*Short descriptive text snippets*.
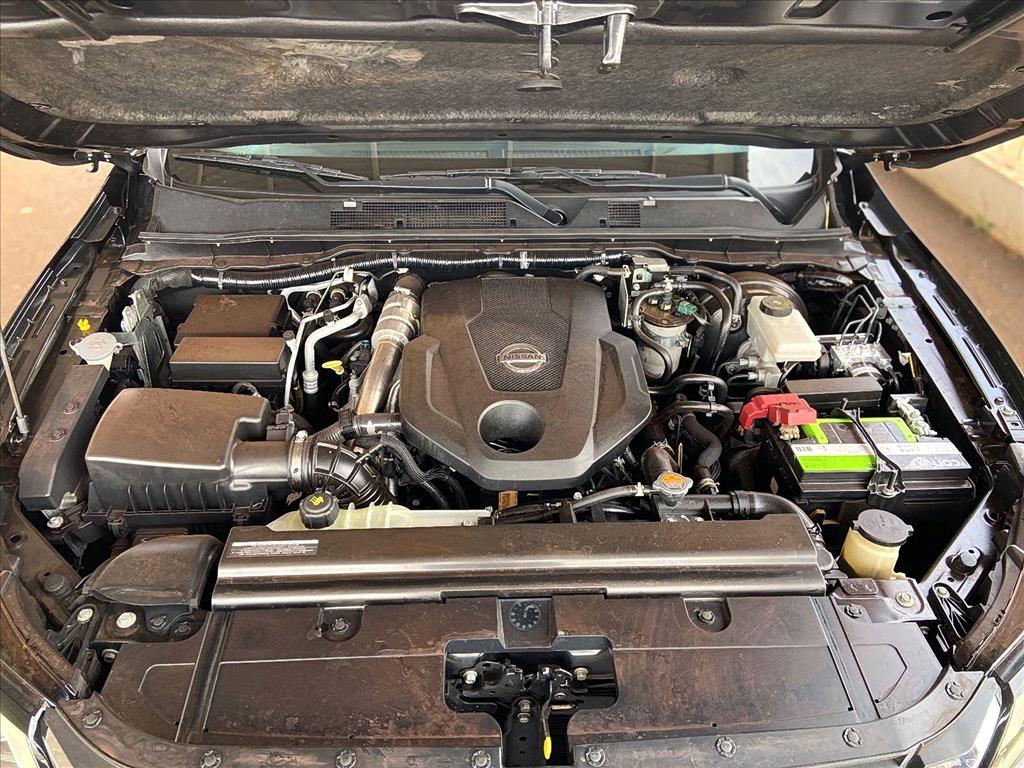 FRONTIER 2.3 16V TURBO DIESEL XE CD 4X4 AUTOMÁTICO9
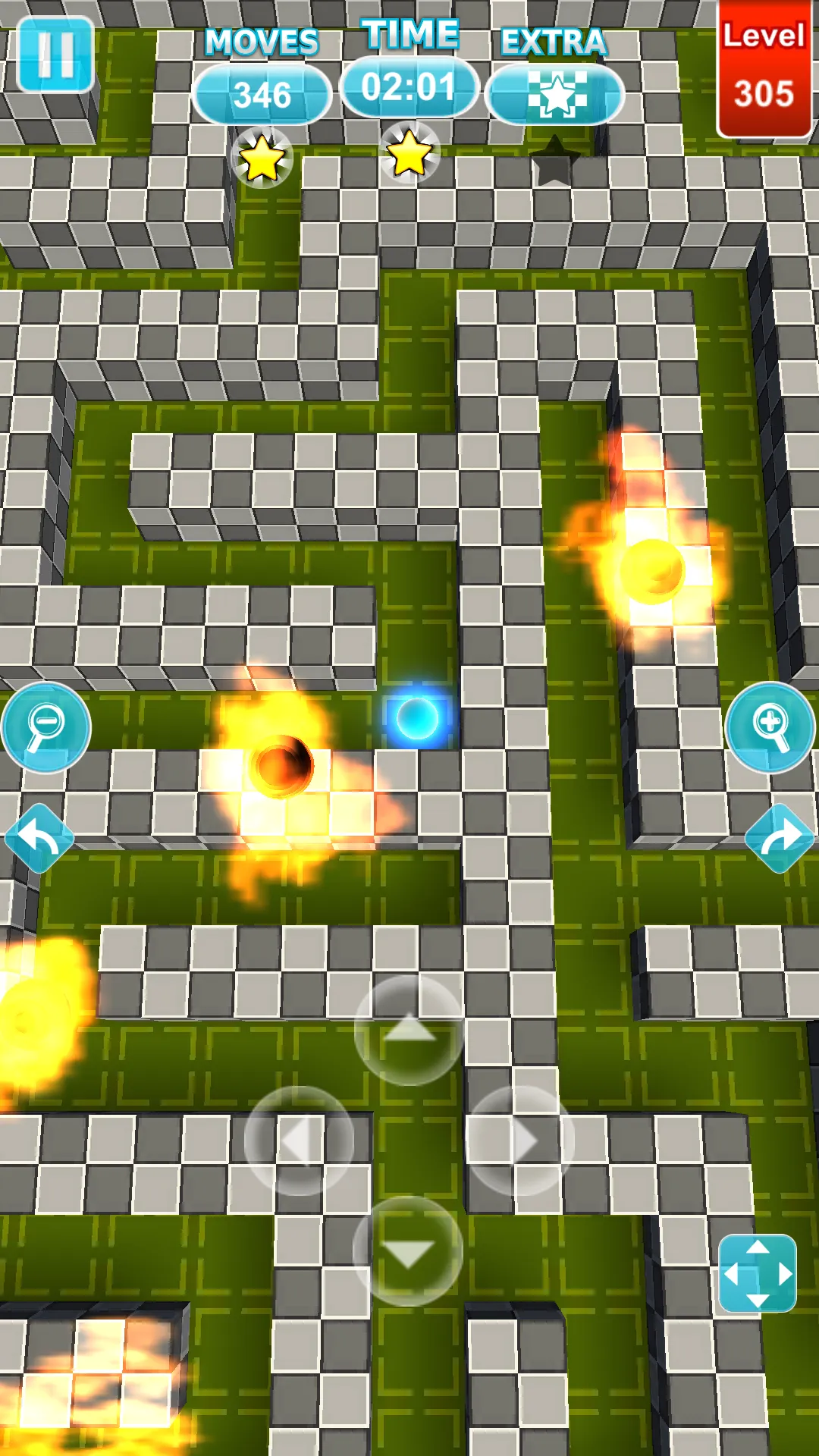 3D Maze - Labyrinth | Indus Appstore | Screenshot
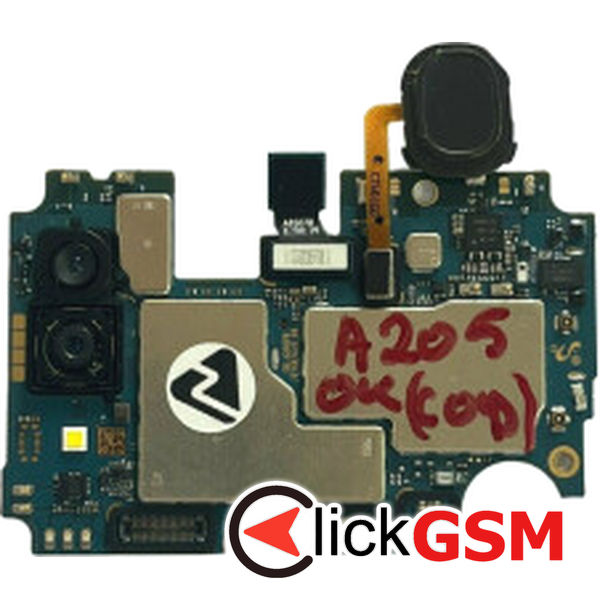 Fix Placa De Baza Samsung Galaxy A20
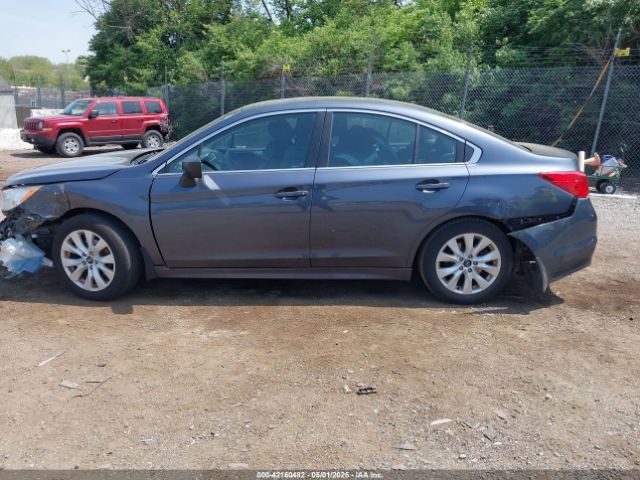 4S3BNAB66H3051241 Subaru Legacy 2.5i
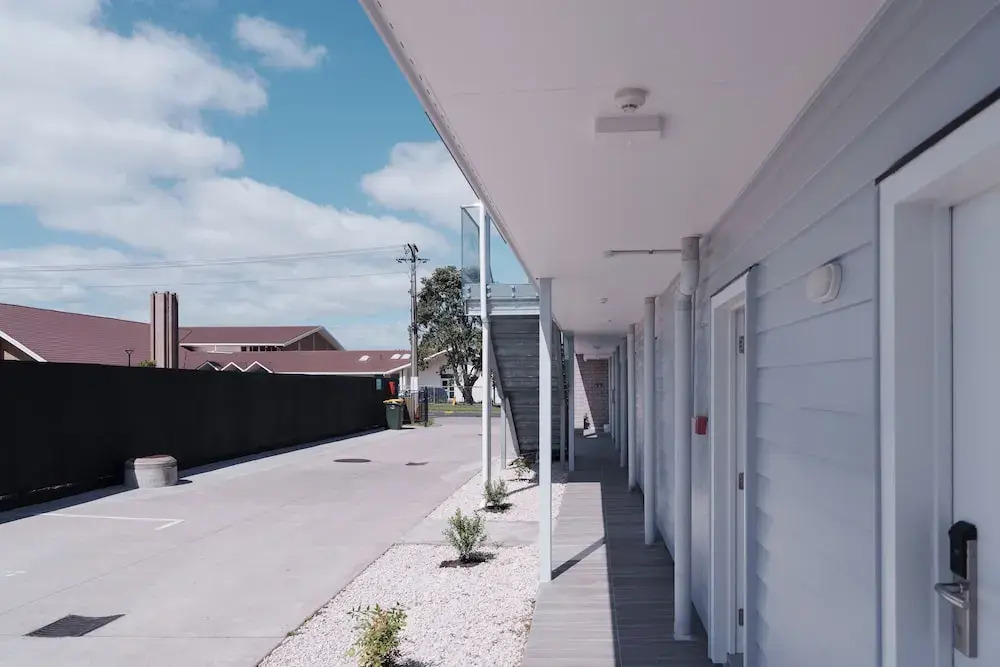 Photo - Yates Park Motel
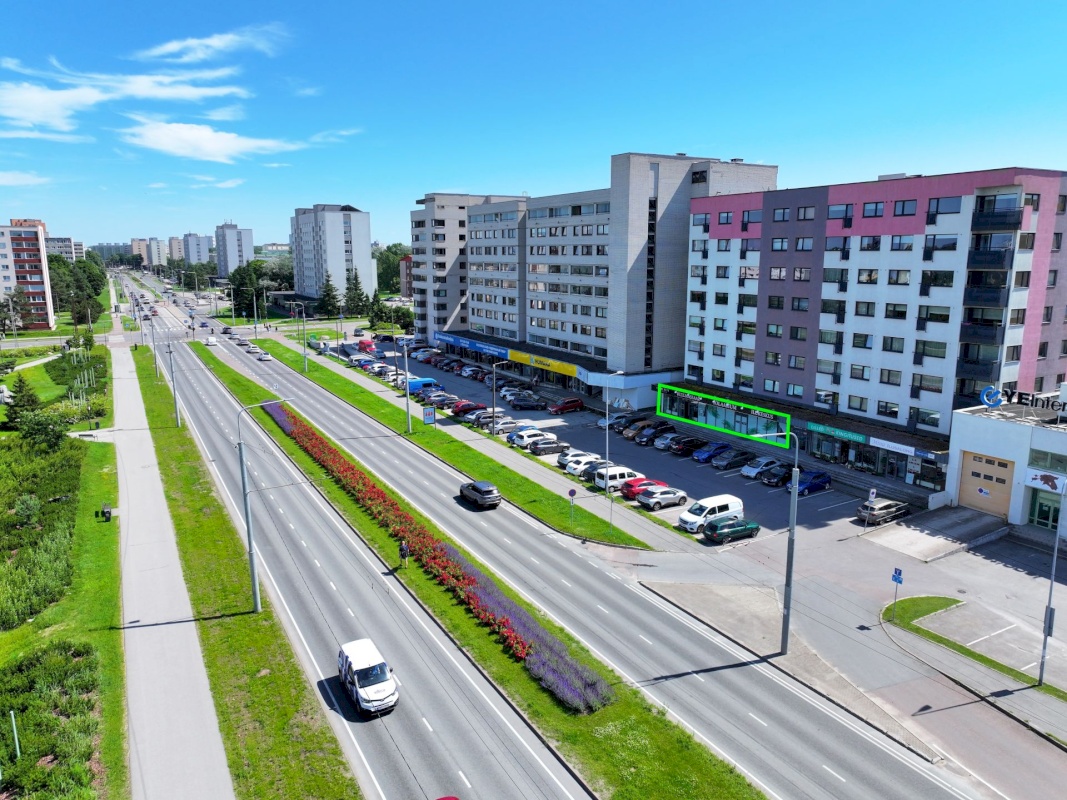 Tallinn, Mustamäe linnaosa, Sõpruse pst 257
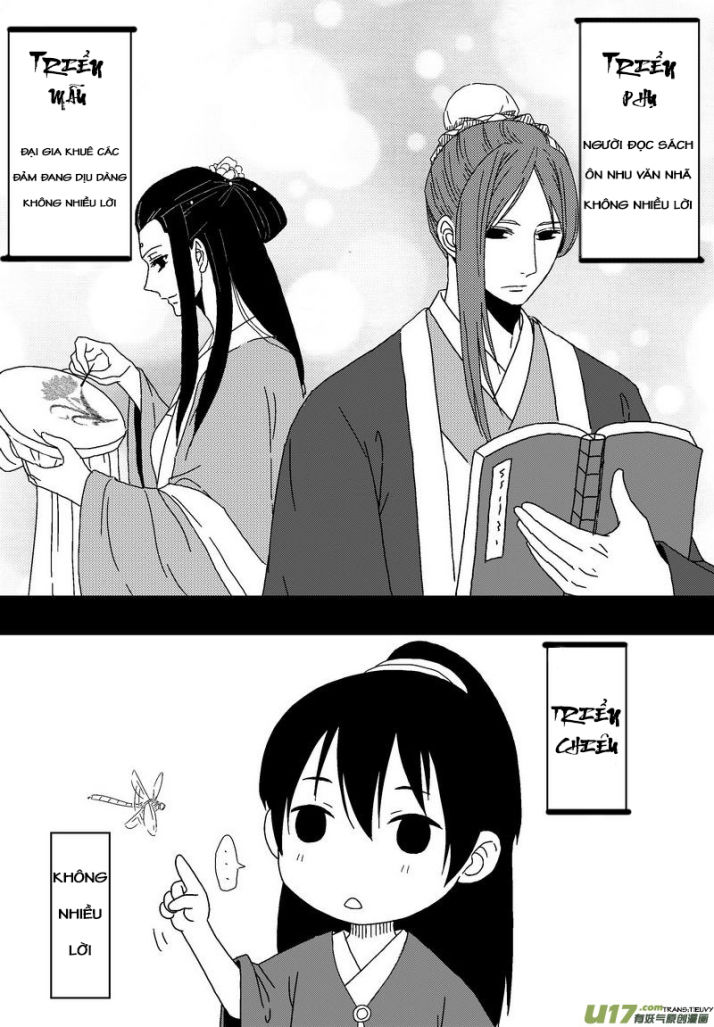 Khai Phong Kỳ Đàm Chapter 39 - Trang 2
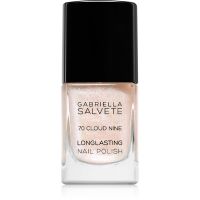 Gabriella Salvete Sunkissed dolgoobstojen lak za nohte odtenek 70 Cloud Nine 11 ml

*Your objective*. Find the line that contains "Fix Placa De Baza Samsung Galaxy A20". Reproduce it and every later line of the records exactly, minus the pictures.

*Answer to the problem*.
 Fix Placa De Baza Samsung Galaxy A20
 4S3BNAB66H3051241 Subaru Legacy 2.5i
 Photo - Yates Park Motel
 Tallinn, Mustamäe linnaosa, Sõpruse pst 257
 Khai Phong Kỳ Đàm Chapter 39 - Trang 2
 Gabriella Salvete Sunkissed dolgoobstojen lak za nohte odtenek 70 Cloud Nine 11 ml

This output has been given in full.